Intuitive Surgical (ISRG) is slated to report its fourth quarter and fiscal 2010 results on Thursday, January 20, 2011. The current Zacks Consensus Estimates for the fourth quarter and fiscal year are $2.25 and $8.70, representing an estimated 15.45% and 39.63% annualized growth, respectively.
Third Quarter Recap
Intuitive reported third-quarter 2010 earnings per share of $2.14, beating the Zacks Consensus Estimate of $2.09 and surpassed the year-ago quarter’s figure of $1.64. Excluding $6.3 million of deferred revenues (recognized in the third quarter of 2009), earnings per share for the year-ago quarter would have been $1.55.
Revenues increased 22.9% year over year to $344 million, but fell short of the Zacks Consensus Estimate of $349 million. The year-over-year growth in revenues was driven by higher da Vinci system sales as well as an increase in the number of robotic procedures.
Instrument and accessory revenues were $128 million, up 26.7% year over year. The increase in revenues reflects a 33% growth in total procedures, with growth in hysterectomy procedures volume leading the pack.
Systems revenues amounted to $160 million, up 17.6% year over year. Intuitive Surgical sold 105 systems in the third quarter, up from 86 systems in the year-ago quarter. Service revenues were $57 million, up 29.5% year over year. The growth was driven by a larger installed base of da Vinci Surgical Systems at the end of the quarter.
Estimate Revision Trend
The overall trend in estimate revisions for the fourth quarter has been static over the past 7 days. Of the 15 analysts covering the stock, 2 raised their estimates over the past month while 1 lowered his/her estimate.
A somewhat similar trend was witnessed for 2010 with a single analyst (out of 15) raising his/her estimate accompanied by a solitary downward revision over the last 30 days. The current Zacks Consensus Estimate for 2011 is $10.33, reflecting an estimated 18.75% year-over-year growth.
Given the relative lack of estimate revisions, the magnitude of revisions for the forthcoming quarter and fiscal year has hit a plateau over the last 7 and 30 days.

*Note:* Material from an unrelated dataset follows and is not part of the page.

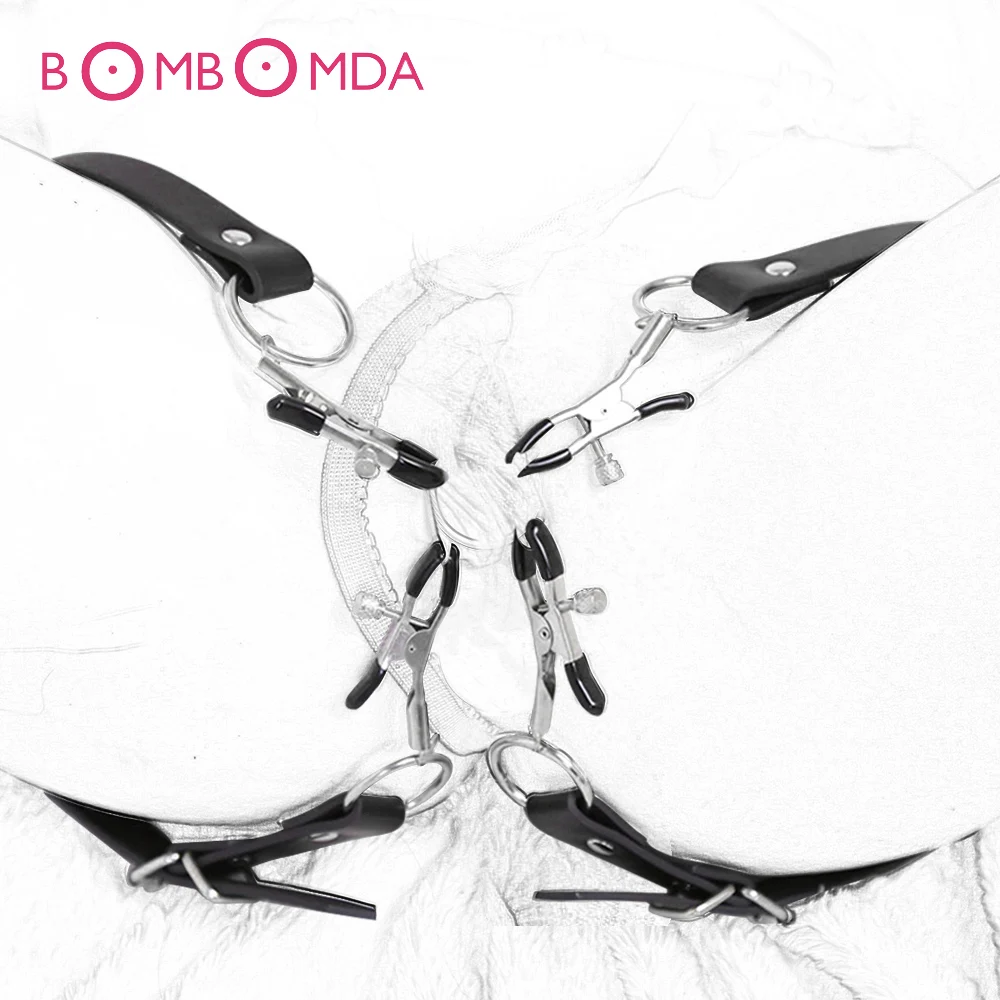 БДСМ зажимы для сосков клиторные Кожа Связывание обмотка вокруг бедра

Intuitive Surgical has generated positive surprises in each of the previous four quarters, and we expect the same trend to continue. The company produced an average positive earnings surprise of 12.74% over the prior four quarters, meaning that it beat the Zacks Consensus Estimate by that measure.

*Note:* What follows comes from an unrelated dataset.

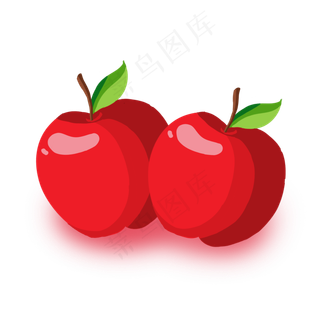 两个漂亮的红富士苹果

We expect a large number of procedures that are currently completed either in an open surgical manner or with laparoscopy to be eventually replaced by da Vinci surgery, as robotic surgery becomes the standard of care in many instances. The company enjoys a virtual monopoly in robotic surgery with little competition.
Intuitive’s recurring revenue stream continues to grow and provides a shield against cyclicality of revenues, arising from the sale of discretionary capital equipment to hospitals. We believe that until the global economy recovers, the stock may come under pressure as investors ponder whether lingering macro economic uncertainty weakens hospitals’ commitment to buy high-cost robotic systems.

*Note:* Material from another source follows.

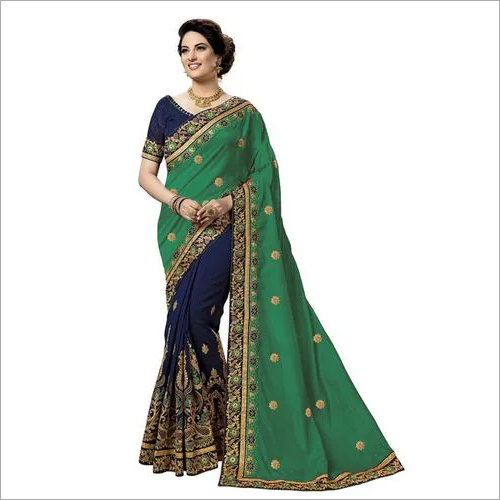 Green Pretty Embroidered Half And Half Satin Silk Collection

In the interim, the installed base of Intuitive continues to grow as more hospitals feel compelled to upgrade their technology. In balance, a reasonable valuation is appropriate given such plus points as Intuitive’s leading position in robotic surgery, barriers to entry, steady cash flow, sizeable cash balance and absence of debt.
Intuitive Surgical’s razor-blade business model ensures recurring revenues even during difficult times. Moreover, its revenues have consistently grown due to the twin reasons of increase in applicable medical procedures and, secondly, hike in the company’s installed base.
However, growth in its mainstay procedure, Prostatectomy, has slowed in the U.S. and other procedures, barring Hysterectomy, have not shown adequate growth. Among other significant risks, pricing pressure is the most critical as austerity measures in Europe target hospital capital expenditure as an area of cost savings.
Intuitive signed a licensing pact, on August 17, 2010, with Cardica (CRDC) under which it obtained the exclusive global license to Cardica’s intellectual property, related to tissue cutting, stapling and clip appliers for application in the robotics field. Intuitive competes with Accuray (ARAY).
We prefer to remain on the sidelines, until the global markets recover, despite the da Vinci system’s status as an enabler of robotic minimally invasive surgery. Our Neutral recommendation for the stock is supported by a Zacks #3 Rank (Hold).